Under that method, Congress must first pass an amendment with a vote of two thirds in favor. It is then sent to the states for ratification. When, and if, three fourths of the states required it, it becomes part of the Constitution. That means that while it only required ten states to ratify what became the 27th Amendment when it left Congress, it required thirty eight by the time it finally became part of the Constitution in 1992. Amendments that pass Congress are not guaranteed to become part of our Constitution. Not all receive enough ratifications to become part of our Constitution.

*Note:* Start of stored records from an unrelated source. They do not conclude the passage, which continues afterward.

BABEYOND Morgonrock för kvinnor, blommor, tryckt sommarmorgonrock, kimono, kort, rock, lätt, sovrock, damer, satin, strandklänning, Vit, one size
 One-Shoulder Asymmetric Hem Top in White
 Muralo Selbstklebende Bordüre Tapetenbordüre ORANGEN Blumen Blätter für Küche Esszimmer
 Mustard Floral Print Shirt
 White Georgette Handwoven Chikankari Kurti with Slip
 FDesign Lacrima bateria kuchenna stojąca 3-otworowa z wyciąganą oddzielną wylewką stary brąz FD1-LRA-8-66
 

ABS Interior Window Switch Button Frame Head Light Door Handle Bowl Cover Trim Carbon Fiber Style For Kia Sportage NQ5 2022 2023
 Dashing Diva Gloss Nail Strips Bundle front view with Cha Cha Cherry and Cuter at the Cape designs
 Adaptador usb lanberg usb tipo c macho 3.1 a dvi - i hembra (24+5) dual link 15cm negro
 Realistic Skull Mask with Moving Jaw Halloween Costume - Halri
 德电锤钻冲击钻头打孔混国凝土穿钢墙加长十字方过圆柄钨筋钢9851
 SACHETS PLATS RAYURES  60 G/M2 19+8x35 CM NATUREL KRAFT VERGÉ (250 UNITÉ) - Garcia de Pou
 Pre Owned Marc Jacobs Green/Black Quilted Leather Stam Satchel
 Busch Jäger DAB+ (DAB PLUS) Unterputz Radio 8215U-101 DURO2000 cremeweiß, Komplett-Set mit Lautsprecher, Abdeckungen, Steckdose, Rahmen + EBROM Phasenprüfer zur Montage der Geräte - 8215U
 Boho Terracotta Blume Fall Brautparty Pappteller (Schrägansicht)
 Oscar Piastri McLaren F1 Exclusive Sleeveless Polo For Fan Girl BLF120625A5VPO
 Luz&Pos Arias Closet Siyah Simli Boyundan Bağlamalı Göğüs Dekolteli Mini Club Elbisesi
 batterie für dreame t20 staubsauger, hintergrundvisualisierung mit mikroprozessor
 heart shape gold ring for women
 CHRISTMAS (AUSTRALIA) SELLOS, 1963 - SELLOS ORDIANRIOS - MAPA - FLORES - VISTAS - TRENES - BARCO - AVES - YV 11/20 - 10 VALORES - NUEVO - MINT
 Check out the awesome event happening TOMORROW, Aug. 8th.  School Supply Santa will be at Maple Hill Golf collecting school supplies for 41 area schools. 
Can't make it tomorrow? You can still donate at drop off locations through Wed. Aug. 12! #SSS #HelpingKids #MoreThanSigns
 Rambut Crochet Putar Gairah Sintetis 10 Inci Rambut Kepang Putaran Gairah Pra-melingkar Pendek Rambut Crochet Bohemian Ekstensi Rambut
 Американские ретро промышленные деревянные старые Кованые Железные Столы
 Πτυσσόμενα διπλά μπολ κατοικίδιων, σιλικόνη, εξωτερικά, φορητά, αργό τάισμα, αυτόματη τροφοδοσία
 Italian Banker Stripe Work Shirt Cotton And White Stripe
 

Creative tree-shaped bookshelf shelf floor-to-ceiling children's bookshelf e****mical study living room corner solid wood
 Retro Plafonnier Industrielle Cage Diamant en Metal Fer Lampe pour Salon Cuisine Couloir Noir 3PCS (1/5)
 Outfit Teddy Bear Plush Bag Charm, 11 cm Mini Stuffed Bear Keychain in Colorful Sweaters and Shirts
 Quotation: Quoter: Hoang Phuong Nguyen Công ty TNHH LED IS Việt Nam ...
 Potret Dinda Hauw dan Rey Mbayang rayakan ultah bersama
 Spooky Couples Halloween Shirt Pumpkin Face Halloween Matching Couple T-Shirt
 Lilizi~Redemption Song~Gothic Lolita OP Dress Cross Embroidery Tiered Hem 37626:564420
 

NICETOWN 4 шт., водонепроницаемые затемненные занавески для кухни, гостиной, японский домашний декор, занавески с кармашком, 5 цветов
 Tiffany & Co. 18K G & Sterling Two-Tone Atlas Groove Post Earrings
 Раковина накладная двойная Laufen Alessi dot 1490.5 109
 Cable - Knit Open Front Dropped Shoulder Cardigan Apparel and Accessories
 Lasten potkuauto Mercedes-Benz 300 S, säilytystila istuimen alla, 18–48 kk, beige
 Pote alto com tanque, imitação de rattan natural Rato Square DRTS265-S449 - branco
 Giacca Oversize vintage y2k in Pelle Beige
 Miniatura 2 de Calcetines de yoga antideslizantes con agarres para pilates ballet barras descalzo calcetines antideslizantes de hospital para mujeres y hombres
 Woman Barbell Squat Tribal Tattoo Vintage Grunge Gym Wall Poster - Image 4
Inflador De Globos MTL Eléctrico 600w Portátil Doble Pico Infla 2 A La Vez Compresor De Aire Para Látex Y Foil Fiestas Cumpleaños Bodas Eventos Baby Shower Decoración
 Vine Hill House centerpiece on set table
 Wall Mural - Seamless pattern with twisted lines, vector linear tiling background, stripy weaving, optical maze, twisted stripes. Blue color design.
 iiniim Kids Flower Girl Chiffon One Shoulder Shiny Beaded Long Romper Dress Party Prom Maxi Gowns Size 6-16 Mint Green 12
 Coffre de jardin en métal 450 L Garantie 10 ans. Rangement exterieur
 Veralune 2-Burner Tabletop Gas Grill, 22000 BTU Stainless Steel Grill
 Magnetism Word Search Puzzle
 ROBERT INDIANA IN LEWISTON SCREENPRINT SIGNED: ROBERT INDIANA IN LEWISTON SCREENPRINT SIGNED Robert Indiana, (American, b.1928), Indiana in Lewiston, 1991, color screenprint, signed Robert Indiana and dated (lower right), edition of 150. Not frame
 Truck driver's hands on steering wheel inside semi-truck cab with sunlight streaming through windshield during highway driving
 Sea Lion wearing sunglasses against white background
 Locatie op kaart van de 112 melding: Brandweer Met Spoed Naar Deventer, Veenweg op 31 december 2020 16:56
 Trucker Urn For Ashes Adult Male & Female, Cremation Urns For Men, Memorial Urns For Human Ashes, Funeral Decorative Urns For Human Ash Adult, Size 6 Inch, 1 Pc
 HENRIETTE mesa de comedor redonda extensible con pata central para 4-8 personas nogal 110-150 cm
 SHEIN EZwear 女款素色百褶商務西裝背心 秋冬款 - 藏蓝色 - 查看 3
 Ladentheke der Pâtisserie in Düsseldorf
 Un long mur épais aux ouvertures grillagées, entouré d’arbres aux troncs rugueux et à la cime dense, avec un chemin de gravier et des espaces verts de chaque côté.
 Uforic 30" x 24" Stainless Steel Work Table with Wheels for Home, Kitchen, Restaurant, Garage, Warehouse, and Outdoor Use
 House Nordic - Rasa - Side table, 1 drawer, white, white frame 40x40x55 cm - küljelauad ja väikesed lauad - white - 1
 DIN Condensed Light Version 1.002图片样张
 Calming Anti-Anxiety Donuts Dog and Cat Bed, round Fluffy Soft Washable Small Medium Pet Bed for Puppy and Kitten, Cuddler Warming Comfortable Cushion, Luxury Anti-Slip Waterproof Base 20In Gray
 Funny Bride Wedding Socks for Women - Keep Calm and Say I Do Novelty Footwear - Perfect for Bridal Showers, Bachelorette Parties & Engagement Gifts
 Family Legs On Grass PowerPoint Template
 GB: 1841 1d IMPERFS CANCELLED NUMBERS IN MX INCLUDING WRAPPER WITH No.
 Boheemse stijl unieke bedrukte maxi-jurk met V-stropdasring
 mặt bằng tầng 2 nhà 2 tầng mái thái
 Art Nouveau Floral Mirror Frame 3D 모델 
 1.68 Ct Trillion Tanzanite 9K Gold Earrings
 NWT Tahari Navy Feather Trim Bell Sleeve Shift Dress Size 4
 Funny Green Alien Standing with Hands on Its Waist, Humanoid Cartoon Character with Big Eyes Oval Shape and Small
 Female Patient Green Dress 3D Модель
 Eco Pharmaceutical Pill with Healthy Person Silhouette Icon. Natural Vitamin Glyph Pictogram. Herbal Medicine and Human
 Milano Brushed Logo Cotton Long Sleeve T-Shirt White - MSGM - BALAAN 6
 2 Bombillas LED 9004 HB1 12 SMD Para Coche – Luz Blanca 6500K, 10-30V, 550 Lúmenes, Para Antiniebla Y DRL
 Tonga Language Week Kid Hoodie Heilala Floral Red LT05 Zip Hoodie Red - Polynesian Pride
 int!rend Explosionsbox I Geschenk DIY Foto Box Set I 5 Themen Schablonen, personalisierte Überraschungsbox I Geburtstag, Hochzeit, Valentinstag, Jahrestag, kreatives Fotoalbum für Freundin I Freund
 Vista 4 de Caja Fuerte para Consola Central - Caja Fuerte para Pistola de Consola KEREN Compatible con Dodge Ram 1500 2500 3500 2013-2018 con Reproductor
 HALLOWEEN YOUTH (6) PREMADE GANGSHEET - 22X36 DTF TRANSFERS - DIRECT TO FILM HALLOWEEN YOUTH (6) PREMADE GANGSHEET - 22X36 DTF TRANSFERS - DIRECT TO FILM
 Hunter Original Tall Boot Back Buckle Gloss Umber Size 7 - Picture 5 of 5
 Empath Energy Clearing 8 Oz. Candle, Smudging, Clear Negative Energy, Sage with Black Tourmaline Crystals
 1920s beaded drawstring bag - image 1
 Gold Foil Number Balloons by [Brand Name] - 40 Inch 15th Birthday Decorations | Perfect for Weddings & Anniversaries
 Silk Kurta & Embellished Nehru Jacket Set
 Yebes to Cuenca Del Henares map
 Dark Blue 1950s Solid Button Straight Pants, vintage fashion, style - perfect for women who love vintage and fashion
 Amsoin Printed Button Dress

In the 20th century, many (but not all) started to have deadlines for ratification. The Equal Rights Amendment (ERA) had a seven, extended to ten, year deadline for ratification. After ten years, thirty five of the required thirty eight states had ratified it. The ERA is one of six amendments passed by Congress that failed to become part of our Constitution.
There is a second way to amend it. That is for the legislatures of two thirds of the states, currently 34, to send Congress a request for a Constitutional Convention. Other names for it are a Title V Convention (the Constitutional basis for the convention) or Con Con. Any amendments they pass will still need to be ratified by three fourths of the states. To date, this has not happened, but there are standing requests from 32 states to have a Con Con. That means we only need requests from two more states and it will happen. In this method, the Legislative Branch (Congress) joins the other two branches in playing essentially no role in crafting or passing the amendments. They actually call the Convention, but it is not their choice and they have no involvement beyond this. The states control the process from beginning to end.